Rendering AVCHD to MPG2 - Upper or Lower Field 1st

Kevin Mc wrote on 4/13/2009, 4:43 PM
I am editing some AVCHD (1440x1080) footage shot on my new Panasonic AG-HMC70P. I am rendering this to MPG2 for a standard DVD. I noticed during rendering that it was letter-boxing the left and right sides of the screen. After a bit of research I discovered to use the settings of 704x480 instead of the standard 720x480.

When rendering should the Field Order be Lower First, or Upper First? It's been my understanding that lower applies to MPG2 and upper applies to HD, but I'm still learning about fields and am not sure what is correct when rendering AVCHD down to MPG2 for a standard DVD.

My target is to watch this on my 42" flat screen LCD tele.

Thanks!
--Kevin

Comments

musicvid10 wrote on 4/13/2009, 7:23 PM
"I am rendering this to MPG2 for a standard DVD. "
NTSC DVD is generally 720x480. Although 704x480 is supported, you have no way of knowing how a given player is going to handle it. A more practical solution is to keep it at 720x480 and check "Stretch output to fill frame" when rendering. You may get some difference of opinion on this.

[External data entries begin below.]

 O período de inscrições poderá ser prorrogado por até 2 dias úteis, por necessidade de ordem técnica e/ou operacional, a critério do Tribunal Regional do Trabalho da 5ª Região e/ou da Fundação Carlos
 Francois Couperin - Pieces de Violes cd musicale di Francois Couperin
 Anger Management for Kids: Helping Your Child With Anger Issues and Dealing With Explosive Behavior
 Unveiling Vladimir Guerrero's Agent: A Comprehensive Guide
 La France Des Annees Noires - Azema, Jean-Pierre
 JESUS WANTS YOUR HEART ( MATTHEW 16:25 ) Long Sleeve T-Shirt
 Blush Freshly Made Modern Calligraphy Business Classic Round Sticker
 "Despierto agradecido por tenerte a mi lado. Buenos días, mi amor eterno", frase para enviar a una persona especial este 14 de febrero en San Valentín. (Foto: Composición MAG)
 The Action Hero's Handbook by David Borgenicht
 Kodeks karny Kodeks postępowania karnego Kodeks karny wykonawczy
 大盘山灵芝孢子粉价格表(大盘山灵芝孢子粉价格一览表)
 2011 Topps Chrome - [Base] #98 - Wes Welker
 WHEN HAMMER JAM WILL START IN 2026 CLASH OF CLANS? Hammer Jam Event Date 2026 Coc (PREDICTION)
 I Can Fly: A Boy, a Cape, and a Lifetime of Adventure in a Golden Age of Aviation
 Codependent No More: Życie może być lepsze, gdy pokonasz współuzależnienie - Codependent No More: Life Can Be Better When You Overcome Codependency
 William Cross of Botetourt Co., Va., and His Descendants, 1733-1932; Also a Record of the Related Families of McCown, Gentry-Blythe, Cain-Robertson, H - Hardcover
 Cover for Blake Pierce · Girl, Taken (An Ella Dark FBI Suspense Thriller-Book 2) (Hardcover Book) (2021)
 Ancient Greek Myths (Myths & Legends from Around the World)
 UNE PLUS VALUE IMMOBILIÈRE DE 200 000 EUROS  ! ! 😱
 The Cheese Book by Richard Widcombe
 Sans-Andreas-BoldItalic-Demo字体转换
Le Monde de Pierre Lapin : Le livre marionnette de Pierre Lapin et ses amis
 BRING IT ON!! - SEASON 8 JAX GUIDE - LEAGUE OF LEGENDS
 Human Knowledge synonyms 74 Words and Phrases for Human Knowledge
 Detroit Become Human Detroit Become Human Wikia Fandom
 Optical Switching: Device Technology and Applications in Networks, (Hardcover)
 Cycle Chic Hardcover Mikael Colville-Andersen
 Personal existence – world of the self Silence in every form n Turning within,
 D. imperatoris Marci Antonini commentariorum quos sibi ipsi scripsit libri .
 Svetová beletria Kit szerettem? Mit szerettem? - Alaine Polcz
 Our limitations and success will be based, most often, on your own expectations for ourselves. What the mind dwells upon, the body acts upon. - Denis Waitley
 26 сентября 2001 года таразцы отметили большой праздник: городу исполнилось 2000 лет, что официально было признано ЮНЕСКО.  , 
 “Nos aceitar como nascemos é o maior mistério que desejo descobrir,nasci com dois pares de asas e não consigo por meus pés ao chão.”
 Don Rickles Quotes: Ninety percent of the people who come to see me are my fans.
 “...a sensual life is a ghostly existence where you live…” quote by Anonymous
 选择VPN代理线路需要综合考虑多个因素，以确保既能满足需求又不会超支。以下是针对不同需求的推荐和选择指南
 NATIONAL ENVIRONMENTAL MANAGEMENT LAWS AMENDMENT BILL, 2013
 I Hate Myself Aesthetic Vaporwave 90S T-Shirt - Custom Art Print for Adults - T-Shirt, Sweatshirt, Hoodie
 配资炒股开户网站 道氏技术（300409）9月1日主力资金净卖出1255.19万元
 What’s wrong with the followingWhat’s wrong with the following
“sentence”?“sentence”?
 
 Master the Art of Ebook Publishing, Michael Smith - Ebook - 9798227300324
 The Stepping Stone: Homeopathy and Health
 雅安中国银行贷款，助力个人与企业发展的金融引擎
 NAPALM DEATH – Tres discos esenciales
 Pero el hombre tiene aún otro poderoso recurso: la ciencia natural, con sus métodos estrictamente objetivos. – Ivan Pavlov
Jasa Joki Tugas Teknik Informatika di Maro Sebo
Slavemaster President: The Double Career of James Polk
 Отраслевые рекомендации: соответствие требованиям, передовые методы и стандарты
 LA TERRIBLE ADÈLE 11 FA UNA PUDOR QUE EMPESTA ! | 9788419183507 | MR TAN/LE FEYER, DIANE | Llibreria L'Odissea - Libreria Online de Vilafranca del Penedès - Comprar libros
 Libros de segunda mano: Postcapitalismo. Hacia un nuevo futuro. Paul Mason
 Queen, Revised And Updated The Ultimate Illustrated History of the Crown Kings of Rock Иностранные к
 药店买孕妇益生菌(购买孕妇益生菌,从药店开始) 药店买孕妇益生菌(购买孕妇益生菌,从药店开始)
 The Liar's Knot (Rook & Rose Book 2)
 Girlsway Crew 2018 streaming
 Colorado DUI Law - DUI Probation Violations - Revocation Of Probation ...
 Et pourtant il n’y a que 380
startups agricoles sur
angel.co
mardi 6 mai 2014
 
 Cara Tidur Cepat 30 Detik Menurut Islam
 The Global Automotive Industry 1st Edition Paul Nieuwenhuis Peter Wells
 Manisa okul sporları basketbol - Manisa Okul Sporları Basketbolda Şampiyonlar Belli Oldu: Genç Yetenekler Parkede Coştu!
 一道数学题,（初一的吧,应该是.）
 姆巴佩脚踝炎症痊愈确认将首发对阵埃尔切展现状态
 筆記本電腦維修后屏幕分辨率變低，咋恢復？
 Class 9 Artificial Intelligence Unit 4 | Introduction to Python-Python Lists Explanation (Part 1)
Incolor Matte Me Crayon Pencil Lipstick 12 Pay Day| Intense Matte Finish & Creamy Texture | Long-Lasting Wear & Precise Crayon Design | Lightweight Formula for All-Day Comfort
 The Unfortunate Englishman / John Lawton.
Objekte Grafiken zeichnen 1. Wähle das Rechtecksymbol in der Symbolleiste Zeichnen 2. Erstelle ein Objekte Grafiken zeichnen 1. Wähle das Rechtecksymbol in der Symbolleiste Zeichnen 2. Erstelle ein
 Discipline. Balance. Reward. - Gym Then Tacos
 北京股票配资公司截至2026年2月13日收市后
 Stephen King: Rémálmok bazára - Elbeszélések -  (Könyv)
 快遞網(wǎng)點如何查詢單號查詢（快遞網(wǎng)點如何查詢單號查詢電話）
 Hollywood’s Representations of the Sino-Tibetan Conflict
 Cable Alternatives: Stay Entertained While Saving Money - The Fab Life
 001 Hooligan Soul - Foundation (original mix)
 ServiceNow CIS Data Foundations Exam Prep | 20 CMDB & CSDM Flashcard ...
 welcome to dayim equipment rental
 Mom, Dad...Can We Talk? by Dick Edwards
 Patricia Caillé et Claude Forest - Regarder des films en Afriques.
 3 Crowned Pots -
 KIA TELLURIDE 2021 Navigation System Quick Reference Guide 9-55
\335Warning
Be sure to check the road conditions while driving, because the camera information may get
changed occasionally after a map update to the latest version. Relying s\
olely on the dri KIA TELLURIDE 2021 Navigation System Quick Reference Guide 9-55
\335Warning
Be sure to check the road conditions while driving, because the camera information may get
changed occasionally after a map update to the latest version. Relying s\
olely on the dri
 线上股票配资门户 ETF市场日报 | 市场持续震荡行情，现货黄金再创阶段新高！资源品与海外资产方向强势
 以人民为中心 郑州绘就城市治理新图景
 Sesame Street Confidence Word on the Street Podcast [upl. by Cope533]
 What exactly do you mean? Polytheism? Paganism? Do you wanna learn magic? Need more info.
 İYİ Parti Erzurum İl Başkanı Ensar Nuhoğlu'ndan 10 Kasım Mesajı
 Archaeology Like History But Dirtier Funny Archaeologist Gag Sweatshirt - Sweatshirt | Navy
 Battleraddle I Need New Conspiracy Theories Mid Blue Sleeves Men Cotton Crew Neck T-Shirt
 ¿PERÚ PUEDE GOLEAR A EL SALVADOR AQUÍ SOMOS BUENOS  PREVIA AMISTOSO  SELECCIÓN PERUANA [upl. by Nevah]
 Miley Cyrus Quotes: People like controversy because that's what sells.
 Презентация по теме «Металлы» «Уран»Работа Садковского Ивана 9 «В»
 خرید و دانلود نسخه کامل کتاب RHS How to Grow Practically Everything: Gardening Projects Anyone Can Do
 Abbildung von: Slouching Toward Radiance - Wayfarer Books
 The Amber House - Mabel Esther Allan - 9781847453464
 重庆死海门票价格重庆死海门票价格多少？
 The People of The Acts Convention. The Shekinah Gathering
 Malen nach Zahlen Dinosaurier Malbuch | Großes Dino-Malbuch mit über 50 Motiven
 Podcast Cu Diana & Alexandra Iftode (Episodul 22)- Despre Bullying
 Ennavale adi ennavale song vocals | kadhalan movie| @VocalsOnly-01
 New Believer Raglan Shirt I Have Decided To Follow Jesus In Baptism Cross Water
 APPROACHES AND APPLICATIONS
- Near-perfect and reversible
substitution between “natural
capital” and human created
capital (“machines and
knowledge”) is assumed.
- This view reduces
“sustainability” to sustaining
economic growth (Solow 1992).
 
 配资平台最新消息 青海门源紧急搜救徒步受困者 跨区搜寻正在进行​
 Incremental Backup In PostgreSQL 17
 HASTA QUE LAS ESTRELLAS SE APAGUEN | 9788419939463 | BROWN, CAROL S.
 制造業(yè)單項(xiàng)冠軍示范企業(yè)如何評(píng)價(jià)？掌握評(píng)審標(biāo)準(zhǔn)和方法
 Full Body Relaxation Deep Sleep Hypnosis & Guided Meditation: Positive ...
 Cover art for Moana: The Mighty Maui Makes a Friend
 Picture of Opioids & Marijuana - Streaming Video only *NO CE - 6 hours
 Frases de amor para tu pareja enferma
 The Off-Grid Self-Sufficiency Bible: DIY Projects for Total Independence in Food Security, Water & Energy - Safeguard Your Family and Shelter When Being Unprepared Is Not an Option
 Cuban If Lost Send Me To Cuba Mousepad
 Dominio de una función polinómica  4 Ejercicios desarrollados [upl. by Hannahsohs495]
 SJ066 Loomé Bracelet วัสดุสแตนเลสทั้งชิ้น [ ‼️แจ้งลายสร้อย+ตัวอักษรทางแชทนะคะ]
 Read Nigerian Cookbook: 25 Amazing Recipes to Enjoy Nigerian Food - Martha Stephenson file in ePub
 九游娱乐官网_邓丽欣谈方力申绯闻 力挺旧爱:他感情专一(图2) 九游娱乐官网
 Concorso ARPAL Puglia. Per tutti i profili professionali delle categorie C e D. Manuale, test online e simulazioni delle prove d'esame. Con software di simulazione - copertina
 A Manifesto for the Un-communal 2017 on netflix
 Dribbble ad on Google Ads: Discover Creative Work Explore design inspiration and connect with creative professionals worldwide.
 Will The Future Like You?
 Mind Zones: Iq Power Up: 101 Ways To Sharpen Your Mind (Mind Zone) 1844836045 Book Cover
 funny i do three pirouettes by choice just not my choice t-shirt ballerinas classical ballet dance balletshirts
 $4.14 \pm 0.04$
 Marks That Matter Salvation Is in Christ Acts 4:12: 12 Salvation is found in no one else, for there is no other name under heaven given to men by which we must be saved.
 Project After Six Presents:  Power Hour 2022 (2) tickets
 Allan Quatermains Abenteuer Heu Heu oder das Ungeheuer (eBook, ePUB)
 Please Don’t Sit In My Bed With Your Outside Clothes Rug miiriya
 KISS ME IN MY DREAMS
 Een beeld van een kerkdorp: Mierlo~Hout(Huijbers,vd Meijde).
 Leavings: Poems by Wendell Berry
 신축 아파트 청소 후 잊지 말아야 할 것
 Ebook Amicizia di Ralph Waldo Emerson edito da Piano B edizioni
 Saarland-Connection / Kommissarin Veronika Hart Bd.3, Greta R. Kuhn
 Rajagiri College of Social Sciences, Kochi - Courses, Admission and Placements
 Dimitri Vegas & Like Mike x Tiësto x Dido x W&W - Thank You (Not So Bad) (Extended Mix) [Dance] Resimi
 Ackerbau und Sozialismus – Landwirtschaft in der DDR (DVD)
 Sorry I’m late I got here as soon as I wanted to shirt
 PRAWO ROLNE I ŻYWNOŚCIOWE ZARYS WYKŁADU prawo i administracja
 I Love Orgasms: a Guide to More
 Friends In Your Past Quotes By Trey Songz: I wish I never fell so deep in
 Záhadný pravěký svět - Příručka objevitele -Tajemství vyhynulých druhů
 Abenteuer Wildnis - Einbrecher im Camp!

BTW, the thin black bars you see are the result of slight (2%) differences between 1440x1080@1.333 and 720x480@1.2121.

"When rendering should the Field Order be Lower First, or Upper First?"
Both are supported, although there is no reason to change the default DVD templates which are lower first.

"...am not sure what is correct when rendering AVCHD down to MPG2 for a standard DVD."
This is something you need not concern yourself with. Vegas does all the work for you. In the unlikely chance the captured field order was wrong, you would know it instantly.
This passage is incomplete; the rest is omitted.